On March 7, 1965, six hundred peaceful demonstrators marched over the Edmund Pettus Bridge on their way from Selma to Montgomery, Alabama, to demand equal voting rights and protest voter suppression. They were met by Alabama State troopers with billy clubs and tear gas. One of the marchers that day was John Lewis, who served as Chairman of the Student Nonviolent Coordinating Committee (SNCC). On what would become known as “Bloody Sunday,” Alabama State troopers attacked the peaceful marchers and, in the process, fractured Lewis’ skull and injured 58 other peaceful marchers so severely that they had to be hospitalized. That day marked the first of three marches that would draw national attention to the fight for civil rights that culminated in the passage of the Voting Rights Act of 1965.
Bloody Sunday is just one of many courageous actions in which John Lewis and others would battle against systemic racism and oppression. His courage and fortitude in the face of injustice would define his life and his legacy. He walked side-by-side with civil rights legends and stood toe-to-toe with presidents – always serving as a moral compass pointing toward justice. At the age of 21, he chose to put himself in harm’s way as one of the original Freedom Riders, rolling into the angry and segregated South to shine a light on the commonplace injustice and brutality. The list of his sacrifices and acts of heroism is endless.
Tribute to Congressman John Lewis, Harvard, 2018
Bloody Sunday took place on a bridge named after a Confederate general, U.S. Senator and “Grand Dragon” of the Alabama Ku Klux Klan. The bridge carries the four-lane U.S. Route 80 across the Alabama River and starts what is known today as the 54 mile “Selma to Montgomery Voting Rights Trail.”
Since Representative Lewis’ death last week, there has been a growing chorus for renaming the bridge in his honor, including a petition with over half a million signatures. I join in this chorus to memorialize the life and legacy of John Lewis. In the wake of national protests against racism and police brutality, Americans are re-examining which historic persons should be revered as heroic and honored with a statue or memorial.
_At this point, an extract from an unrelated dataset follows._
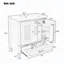 Meuble-lavabo de rangement multifonctionnel de style rétro-1938298108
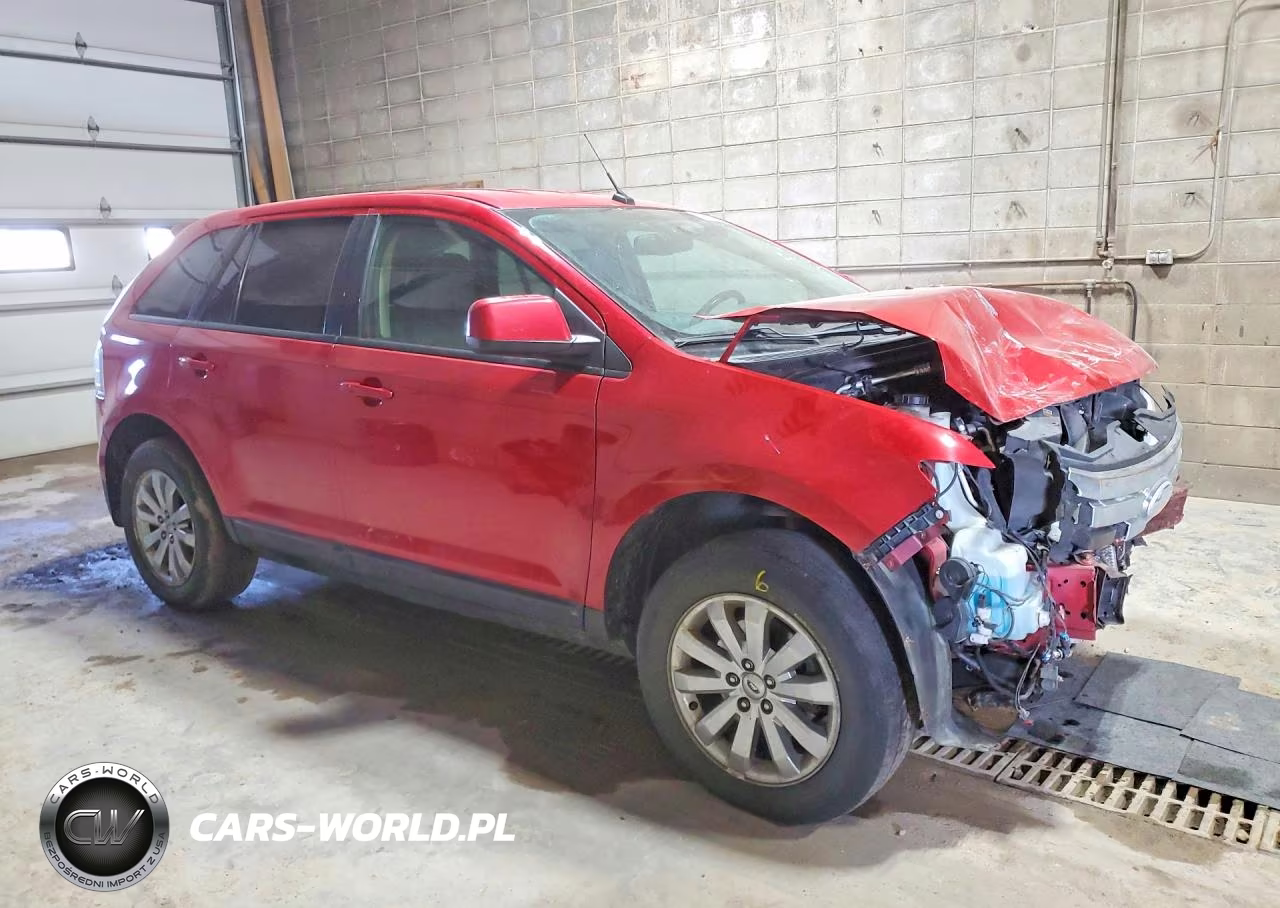 2010 Ford Edge Sel VIN:2FMDK4JC7ABB11278 - 4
Today the bridge is a symbol for justice and equality while, ironically, it still bears the name of a man who symbolizes what our country tries its best not to remember.
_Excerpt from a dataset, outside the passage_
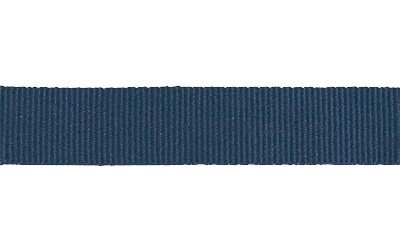 Petersham Ribbon – Solid Navy – 20mm x 20m roll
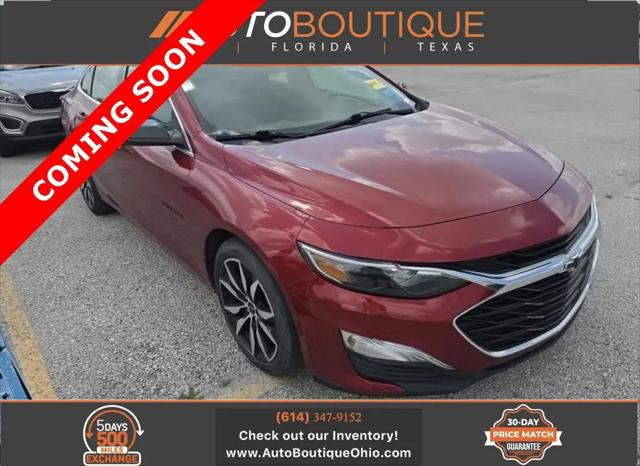2021 Chevrolet Malibu FWD RS for sale near Columbus, OH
While John Lewis was alive, he said that he did not want the bridge renamed in his honor. Respectfully, we disagree. As John Lewis would say: “When you see something that is not right, not just, not fair, you have a moral obligation to say something. To do something.”
John Lewis was one of the great Americans of his generation. He was a humble leader who served as the conscience of our nation. We will miss his voice.
Renaming this bridge would be a small token of appreciation for what he has done for the good of the nation.